What to work on -> Find the line containing "Root canal treatment" in the entries below. Restate it and each line after it, word for word, up to and including the line containing "Great Dental Full".

*** Opening of Task input ***

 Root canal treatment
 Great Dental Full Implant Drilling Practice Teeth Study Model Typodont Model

*** Close of Task input ***
*** Opening of Task input ***

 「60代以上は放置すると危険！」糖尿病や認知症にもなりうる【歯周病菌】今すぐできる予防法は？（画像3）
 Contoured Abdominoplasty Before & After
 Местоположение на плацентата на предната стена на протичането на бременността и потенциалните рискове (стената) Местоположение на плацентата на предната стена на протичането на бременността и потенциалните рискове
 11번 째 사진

*** Close of Task input ***

Solution to the exercise ->
 Root canal treatment
 Great Dental Full Implant Drilling Practice Teeth Study Model Typodont Model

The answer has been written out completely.